Tom Heneghan has as usual been writing lots of interesting things on his Faithworld blog. But the headline to the most recent post made me smile. I would love to write a headline saying "baptism makes waves". It makes me think of my friend Janet baptising people off the island of Iona and having to have ropes attached to them all because the sea was quite rough.
However the stormy waters Tom refers to have more to do with the inter faith aftermath of Magdi Allam's conversion and baptism at the Easter vigil.
Tom offers a really useful review of reactions and reflections to Allam's conversion including this:
"Rev. Samir Khalil Samir, the Egyptian Jesuit who is one of the Catholic Church’s leading experts on Islam, has a long analysis on Asianews.it of Allam’s conversion. In it, he notes that both Christianity and Islam are missionary religions and adds: The pope’s baptism of Magdi Allam is not an act of aggression, but an exigency of reciprocity. It is a calm provocation that serves to make us sit up and think. Each one of us must live as a missionary, attempting to offer to the other the best of what one has encountered and understood.”

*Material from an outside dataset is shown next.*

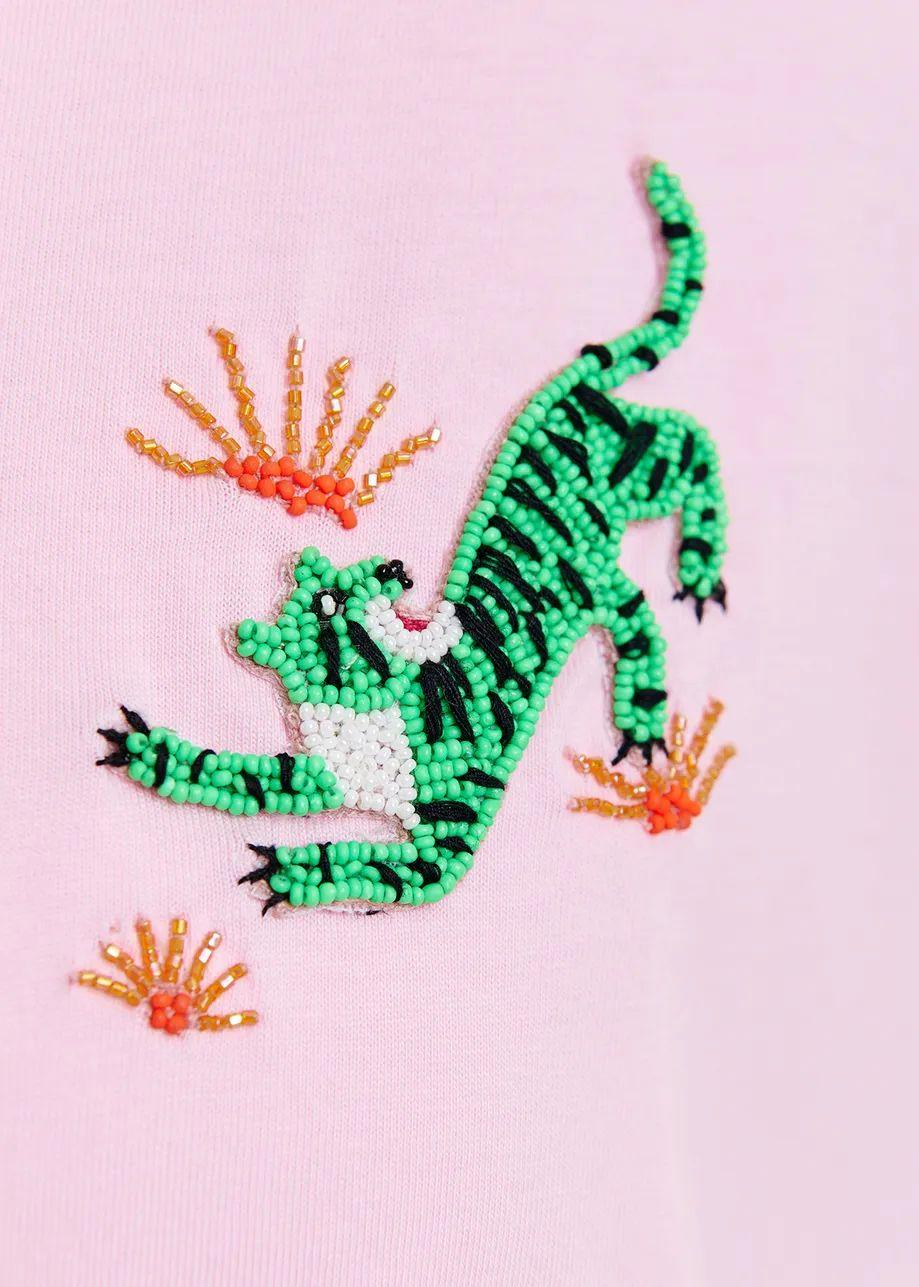 HUNGLE/EMBROIDERED T-SHIRT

Meanwhile the WCC has recently responded to the letter from 138 Muslim intellectuals received last October. It encourages Christians and churches to engage in profound dialogue and says:
"The testimony of past and present writings by Muslims and Christians about and against the other serves as a clear reminder that misunderstanding can easily arise when followers of each faith try to explore the other’s beliefs without proper care and attention. Therefore, it must be stated unequivocally that Christians should be ready to learn about Islam by listening closely to what Muslims themselves teach, and that Muslims should be ready to learn about Christianity by listening closely to what Christians themselves teach. Presuppositions are to be put aside, and followers of both faiths must be ready to seek the learning and wisdom of the other as the other imparts it according to their own unique insights."